The first time I heard about Wikipedia, I got really excited; I characterized it as a “world mind”.

I saw it as a place to share knowledge that anyone (with an online connection)could contribute to and/or benefit from. I confess I was initially impatient with, and disparaging of, those who told students not to use it. As the conversation about Wikipedia developed, I moved into the “use it to start researching, but don’t cite it” for my students, and “It’s an amazing source; check it out” for my friends and acquaintances.

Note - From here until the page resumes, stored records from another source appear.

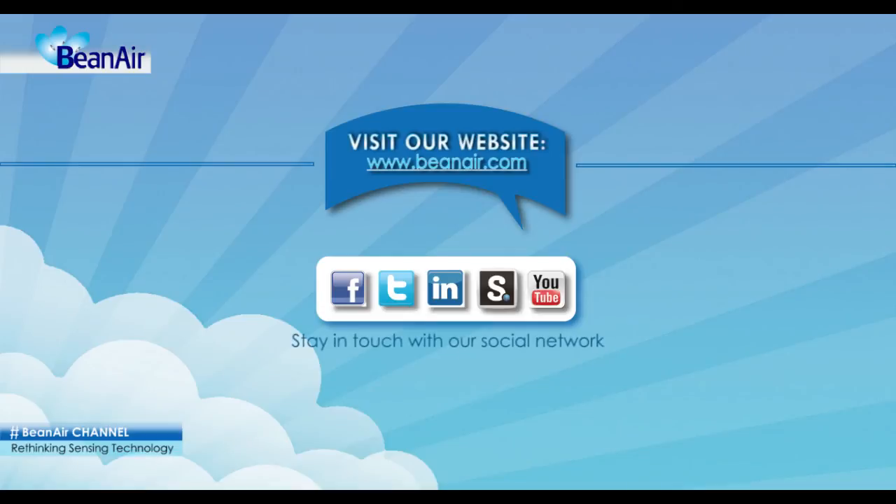You can also visit us at www.beanair.com and stay in touch with our social network.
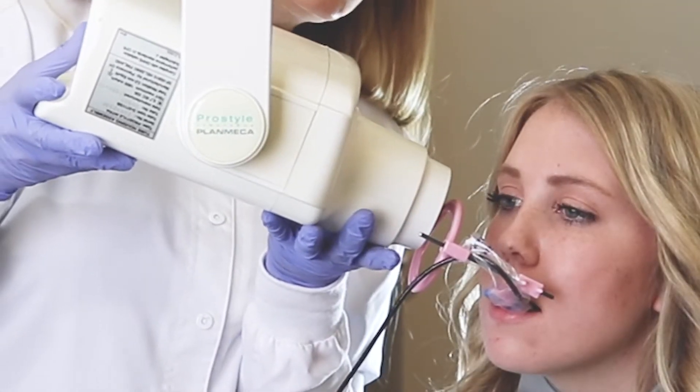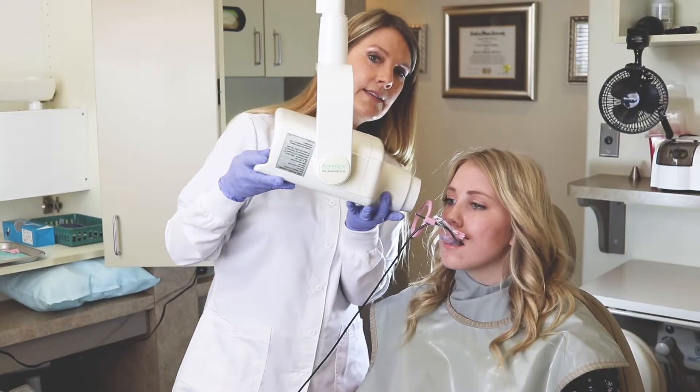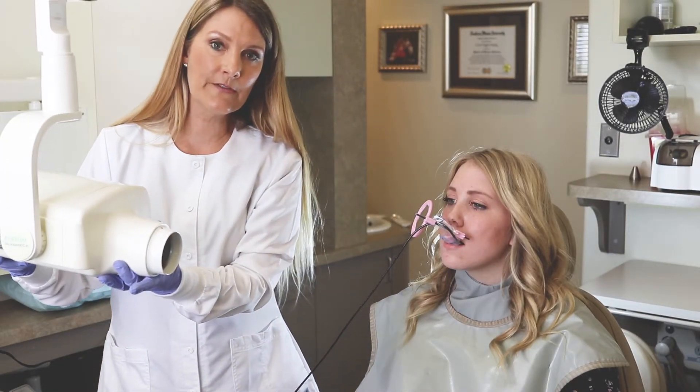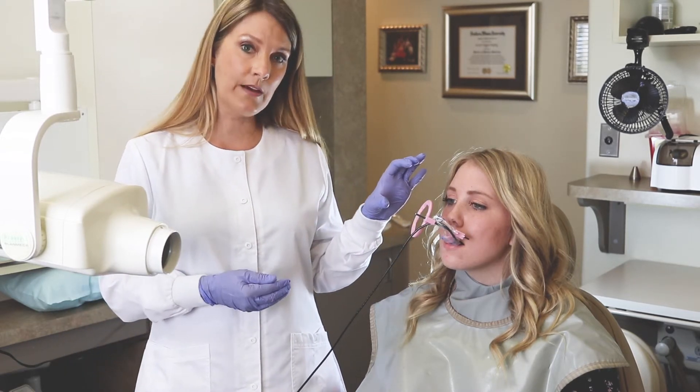— you may actually need to raise up the level of your x-ray head. X-ray heads are not standard; they're all a little bit different and may need to be positioned slightly higher so that you can actually catch the apex of the canine.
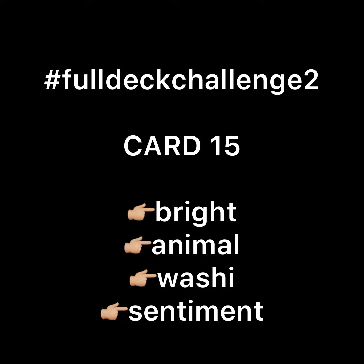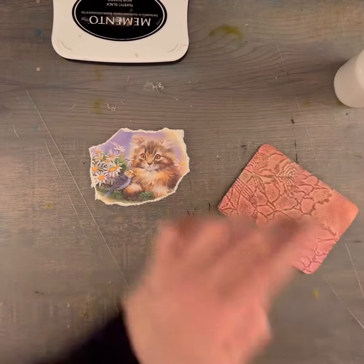For this card I knew that I wanted to start off with some embossed paper because I have a lot of those. I've been loving my embossing machine. So I start off with this bright pink piece and cutting off the excess here.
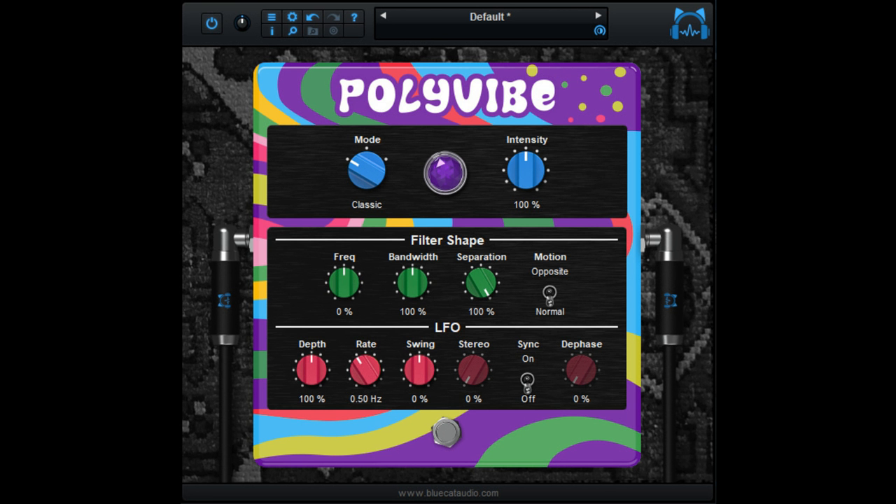Swing control for more musical effects. Control the stereo width of the effect. Synchronize the LFO to the host application, or control the effect with automation or a MIDI expression pedal. Navigate presets and create new tones easily with the Tone Maps Explorer.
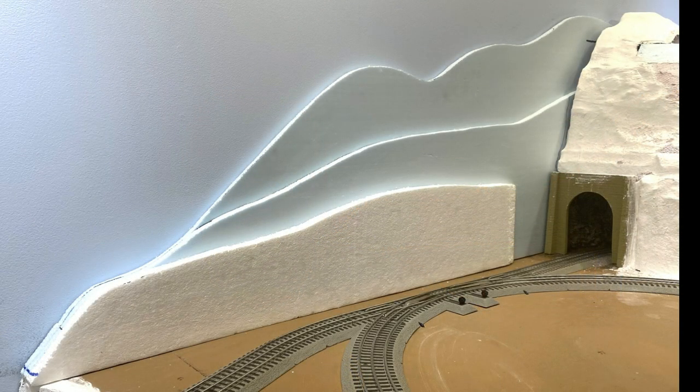Hi train friends, welcome to the Ozark Middle and Southern Railway. I'm Bill B, and whether you're a longtime subscriber or you're just stopping by for the first time, I'm glad you're here. In this video I'm going to show you how I colored the rock castings for the section of backdrop I've been working on for the OMS.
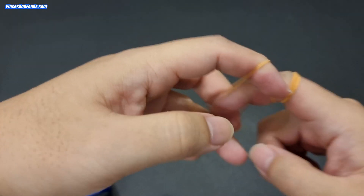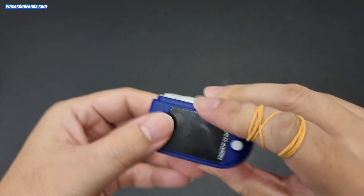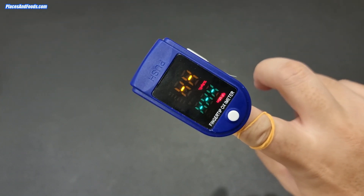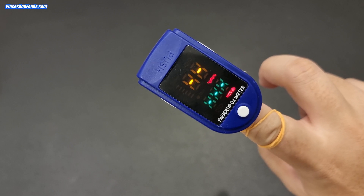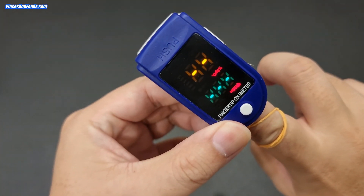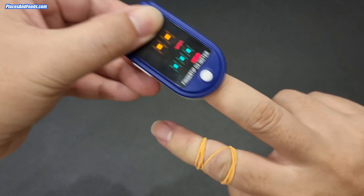To determine whether it works or not, let's do a test. I'm going to take a rubber band and obstruct the blood flow to the tip of my finger. If I tie it like this, there's no blood reaching here, so it shouldn't read any oxygen level at all. Let's try — even pressing harder — and it doesn't read at all. So it works.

I stumbled across Jon Udell’s screencast which gave me an understanding of how Wikipedia works; I highly recommend you take the 9 minutes to view it

After watching Udell’s screencast, (or instead of, or before) read danah boyd‘s short take on the importance of Wikipedia –
I find myself in close agreement with her.

Wikipedia brings me great joy. I see it as a fantastic example of how knowledge can be distributed outside of elite institutions. I have watched stubs of articles turn into rich homes for information about all sorts of subjects. What I like most about Wikipedia is the self-recognition that it is always a work-in- progress. The encyclopedia that I had as a kid was a hand-me-down; it stated that one day we would go to the moon. Today, curious poor youth have access to information in an unprecedented way. It may not be perfect, but it is far better than a privilege-only model of access.

4 Comments leave one →
  1. Elizabeth Clark permalink
    July 4, 2007 1:42 pm

    As you realized, Wikipedia simply isn’t accurate and credible enough to be used as a cited source for academic writing. Fortunately, some more authoritative alternatives are being developed: Scholarpedia (, Citizendium ( and Digital Universe (

  2. Shifting Semiosis permalink
    July 5, 2007 11:40 am

    Thanks for suggesting alternatives, however I don’t see Wikipedia as not accurate or credible enough to be cited in academic writing. Often it has the most current and accurate information, though it can be simply the place to start researching. I advise students not to cite Wikipedia unless they are sure that their professors aren’t prejudiced against it for practical reasons – to protect them.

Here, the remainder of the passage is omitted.